No one knows this more than Tom Hurwitz, ASC, the veteran documentary DP whose credits include NOVA and Frontline, and such acclaimed documentary films as Wild Man Blues, Valentino: The Last Emperor, The Queen of Versailles and Ghosts of Abu Ghraib. He shot the new 90-minute documentary film, Can't Stand Losing You: Surviving The Police, based on guitarist Andy Summers' 2006 memoir, One Train Later, about his musical career and life with the supergroup.
Narrated by the guitarist, the documentary also incorporates rare footage dating back to the '60s and Summers' involvement with the early British rock scene and seminal artists including Zoot Money and Eric Burdon, as well as many still photographs taken by the rock star along the way.
"I was always interested in photography, so it was very natural for me to document everything," notes Summers, "whether it was backstage at some grungy club or on early tours with The Police. So, there's a lot of intimate moments and interesting shots and archival stuff, especially in the first 25 minutes of the film, with the Sex Pistols appearing and so on."
For Hurwitz, the first big challenge was shooting the band live at the Anaheim Convention Center. "It's a huge venue, and ultimately, it was quite a challenge to color-correct the footage, as we shot with both HDV cameras—Sony Z7Us and Z1Us—and HDCAM—the Sony F900R, which is what I used on the job," he reports. "Secondly, I was the only stage camera, and it was pretty amazing shooting the band at their sound check and then at the actual concert.
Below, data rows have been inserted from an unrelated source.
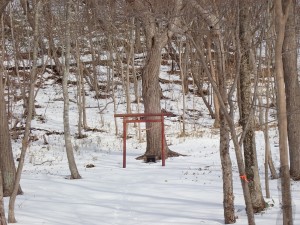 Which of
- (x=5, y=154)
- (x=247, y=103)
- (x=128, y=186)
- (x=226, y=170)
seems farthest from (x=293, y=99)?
(x=5, y=154)

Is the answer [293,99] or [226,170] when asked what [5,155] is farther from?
[293,99]

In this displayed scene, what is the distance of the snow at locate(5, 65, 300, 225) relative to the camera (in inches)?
305

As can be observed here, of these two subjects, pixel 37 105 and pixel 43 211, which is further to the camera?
pixel 37 105

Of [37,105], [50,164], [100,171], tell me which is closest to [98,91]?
[37,105]

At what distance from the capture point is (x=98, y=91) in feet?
91.7

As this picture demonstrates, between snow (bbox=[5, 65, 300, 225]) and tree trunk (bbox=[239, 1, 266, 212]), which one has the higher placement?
tree trunk (bbox=[239, 1, 266, 212])

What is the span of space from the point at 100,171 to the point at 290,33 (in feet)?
19.5

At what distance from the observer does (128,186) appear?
10.5 meters

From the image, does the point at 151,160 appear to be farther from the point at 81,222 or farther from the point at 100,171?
the point at 81,222

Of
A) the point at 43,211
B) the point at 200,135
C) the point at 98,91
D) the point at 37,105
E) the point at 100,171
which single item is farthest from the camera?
the point at 98,91

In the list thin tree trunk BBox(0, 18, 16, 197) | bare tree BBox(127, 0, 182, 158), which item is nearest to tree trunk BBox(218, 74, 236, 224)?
thin tree trunk BBox(0, 18, 16, 197)

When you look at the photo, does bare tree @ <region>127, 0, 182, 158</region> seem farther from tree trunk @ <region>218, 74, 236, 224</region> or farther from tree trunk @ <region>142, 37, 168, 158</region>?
tree trunk @ <region>218, 74, 236, 224</region>

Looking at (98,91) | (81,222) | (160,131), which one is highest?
(98,91)

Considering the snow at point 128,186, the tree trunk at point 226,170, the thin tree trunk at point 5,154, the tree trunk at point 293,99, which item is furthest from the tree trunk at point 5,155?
the tree trunk at point 293,99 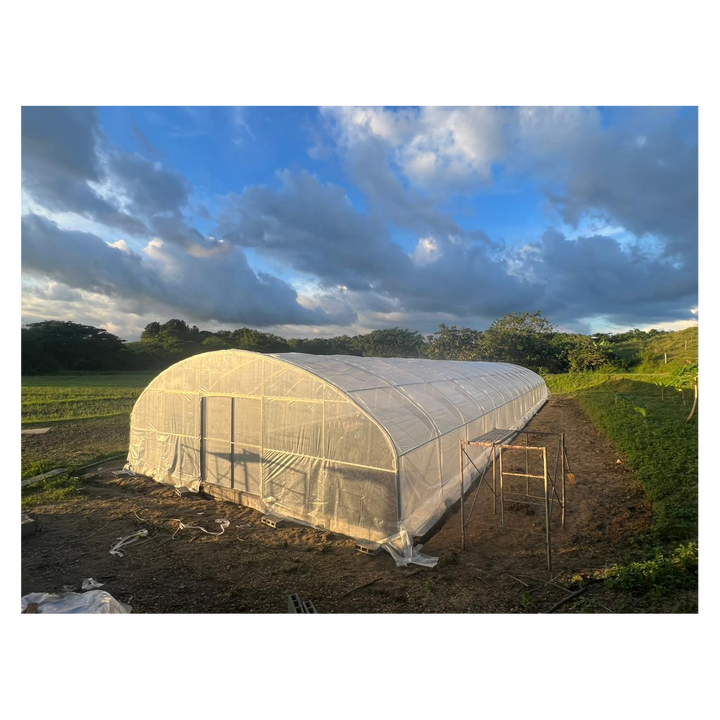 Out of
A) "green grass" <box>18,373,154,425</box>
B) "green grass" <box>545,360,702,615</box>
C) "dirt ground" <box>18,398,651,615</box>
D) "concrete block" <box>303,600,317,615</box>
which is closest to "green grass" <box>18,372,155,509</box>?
"green grass" <box>18,373,154,425</box>

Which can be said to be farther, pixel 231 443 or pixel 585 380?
pixel 585 380

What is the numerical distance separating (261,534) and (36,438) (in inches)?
590

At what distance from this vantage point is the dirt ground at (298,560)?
18.7 ft

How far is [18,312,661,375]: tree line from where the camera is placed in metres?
38.2

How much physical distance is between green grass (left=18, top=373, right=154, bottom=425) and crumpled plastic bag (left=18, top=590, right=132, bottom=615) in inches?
762

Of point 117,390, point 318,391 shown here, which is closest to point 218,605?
point 318,391

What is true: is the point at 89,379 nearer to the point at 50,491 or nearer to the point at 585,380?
the point at 50,491

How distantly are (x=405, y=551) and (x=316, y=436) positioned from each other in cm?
290

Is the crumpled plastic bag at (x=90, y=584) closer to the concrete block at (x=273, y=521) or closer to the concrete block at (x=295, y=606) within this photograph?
the concrete block at (x=273, y=521)

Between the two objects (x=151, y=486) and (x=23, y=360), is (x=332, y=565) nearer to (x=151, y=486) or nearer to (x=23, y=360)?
(x=151, y=486)

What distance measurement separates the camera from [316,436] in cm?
834

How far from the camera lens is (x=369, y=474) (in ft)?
24.7

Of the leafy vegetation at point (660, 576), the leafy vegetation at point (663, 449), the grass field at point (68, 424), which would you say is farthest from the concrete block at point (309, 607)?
the grass field at point (68, 424)

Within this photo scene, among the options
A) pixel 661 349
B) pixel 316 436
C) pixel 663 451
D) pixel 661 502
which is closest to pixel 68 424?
pixel 316 436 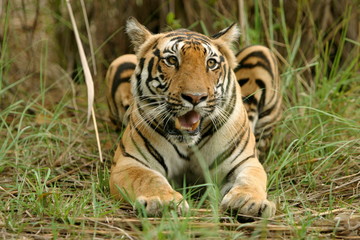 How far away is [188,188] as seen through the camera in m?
4.08

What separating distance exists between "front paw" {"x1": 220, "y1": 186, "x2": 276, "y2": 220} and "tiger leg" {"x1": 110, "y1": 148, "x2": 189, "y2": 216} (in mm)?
256

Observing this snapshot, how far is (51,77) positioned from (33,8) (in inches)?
36.0

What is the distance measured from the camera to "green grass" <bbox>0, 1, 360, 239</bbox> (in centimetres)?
327

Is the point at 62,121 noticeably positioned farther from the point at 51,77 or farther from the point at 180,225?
the point at 180,225

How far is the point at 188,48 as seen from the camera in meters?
3.93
And being in 'the pit'—this catwalk that runs along the front of the stage—my movement was limited as I had to shoot the entire show looking straight up, so it was very physically demanding. But the results were spectacular."
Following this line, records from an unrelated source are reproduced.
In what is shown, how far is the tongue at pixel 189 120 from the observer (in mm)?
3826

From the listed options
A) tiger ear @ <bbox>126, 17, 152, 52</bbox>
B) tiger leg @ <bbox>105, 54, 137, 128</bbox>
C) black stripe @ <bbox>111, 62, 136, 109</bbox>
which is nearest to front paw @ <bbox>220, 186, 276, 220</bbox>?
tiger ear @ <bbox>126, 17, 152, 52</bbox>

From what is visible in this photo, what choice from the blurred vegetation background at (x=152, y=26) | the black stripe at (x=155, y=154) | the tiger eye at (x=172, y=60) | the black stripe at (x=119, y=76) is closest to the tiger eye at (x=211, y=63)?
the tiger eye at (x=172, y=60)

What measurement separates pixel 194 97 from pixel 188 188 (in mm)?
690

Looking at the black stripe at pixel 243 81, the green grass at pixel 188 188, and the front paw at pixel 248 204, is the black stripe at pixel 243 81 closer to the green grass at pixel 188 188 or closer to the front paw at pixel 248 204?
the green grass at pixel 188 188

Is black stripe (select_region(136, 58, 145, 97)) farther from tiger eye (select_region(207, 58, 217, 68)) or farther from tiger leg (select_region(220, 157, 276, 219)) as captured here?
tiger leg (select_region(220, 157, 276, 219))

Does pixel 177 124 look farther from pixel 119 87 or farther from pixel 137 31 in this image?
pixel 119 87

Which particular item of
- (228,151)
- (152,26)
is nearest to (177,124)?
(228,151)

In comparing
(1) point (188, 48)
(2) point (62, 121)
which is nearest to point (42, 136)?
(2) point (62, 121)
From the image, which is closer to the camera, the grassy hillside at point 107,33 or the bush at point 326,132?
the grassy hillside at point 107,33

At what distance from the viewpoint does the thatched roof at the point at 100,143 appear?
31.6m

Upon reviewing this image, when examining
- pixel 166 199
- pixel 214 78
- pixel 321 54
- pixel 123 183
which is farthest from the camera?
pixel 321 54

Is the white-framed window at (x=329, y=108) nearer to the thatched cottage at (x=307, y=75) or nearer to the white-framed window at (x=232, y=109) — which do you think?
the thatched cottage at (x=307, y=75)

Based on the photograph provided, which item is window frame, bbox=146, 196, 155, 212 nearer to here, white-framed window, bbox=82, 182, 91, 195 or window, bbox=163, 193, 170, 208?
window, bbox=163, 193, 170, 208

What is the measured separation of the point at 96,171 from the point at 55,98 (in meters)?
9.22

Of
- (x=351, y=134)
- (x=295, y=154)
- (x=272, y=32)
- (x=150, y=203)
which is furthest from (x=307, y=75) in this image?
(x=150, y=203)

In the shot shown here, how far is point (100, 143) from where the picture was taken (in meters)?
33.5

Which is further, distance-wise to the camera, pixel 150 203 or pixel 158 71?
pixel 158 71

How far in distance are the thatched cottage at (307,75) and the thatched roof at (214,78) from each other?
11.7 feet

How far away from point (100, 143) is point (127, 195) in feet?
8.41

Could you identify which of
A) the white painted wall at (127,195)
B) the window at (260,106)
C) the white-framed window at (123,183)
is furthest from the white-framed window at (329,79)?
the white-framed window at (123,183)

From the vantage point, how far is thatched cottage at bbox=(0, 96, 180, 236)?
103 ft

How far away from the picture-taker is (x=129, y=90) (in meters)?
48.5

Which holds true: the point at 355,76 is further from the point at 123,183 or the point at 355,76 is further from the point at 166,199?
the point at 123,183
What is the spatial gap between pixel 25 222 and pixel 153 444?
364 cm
Hurwitz and his team used a total of four cameras to record the show, with the film's producer Brett Morgen manning one of the HDCAMs. "Two of them were wide shots, and Brett had another tighter-shot setup," he notes. "And we just went with the concert lighting on the day." The New York-based DP also used a rental lens, a Canon 20x zoom, "which is unusual for me, as I have my own modified zooms, but I was on the West coast. But I used my own lenses for the rest of the film."